=== Begin Enclosure ===

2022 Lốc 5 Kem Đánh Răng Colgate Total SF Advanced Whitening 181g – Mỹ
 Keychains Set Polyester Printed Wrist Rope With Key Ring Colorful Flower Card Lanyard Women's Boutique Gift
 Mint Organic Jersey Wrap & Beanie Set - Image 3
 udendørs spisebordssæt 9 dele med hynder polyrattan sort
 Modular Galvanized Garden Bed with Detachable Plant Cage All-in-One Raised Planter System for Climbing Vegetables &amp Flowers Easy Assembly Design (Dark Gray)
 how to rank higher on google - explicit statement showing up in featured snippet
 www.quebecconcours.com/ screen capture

=== End Enclosure ===

Each entry is to be retyped precisely as it stands.

ANSWER SECTION
2022 Lốc 5 Kem Đánh Răng Colgate Total SF Advanced Whitening 181g – Mỹ
 Keychains Set Polyester Printed Wrist Rope With Key Ring Colorful Flower Card Lanyard Women's Boutique Gift
 Mint Organic Jersey Wrap & Beanie Set - Image 3
 udendørs spisebordssæt 9 dele med hynder polyrattan sort
 Modular Galvanized Garden Bed with Detachable Plant Cage All-in-One Raised Planter System for Climbing Vegetables &amp Flowers Easy Assembly Design (Dark Gray)
 how to rank higher on google - explicit statement showing up in featured snippet
 www.quebecconcours.com/ screen capture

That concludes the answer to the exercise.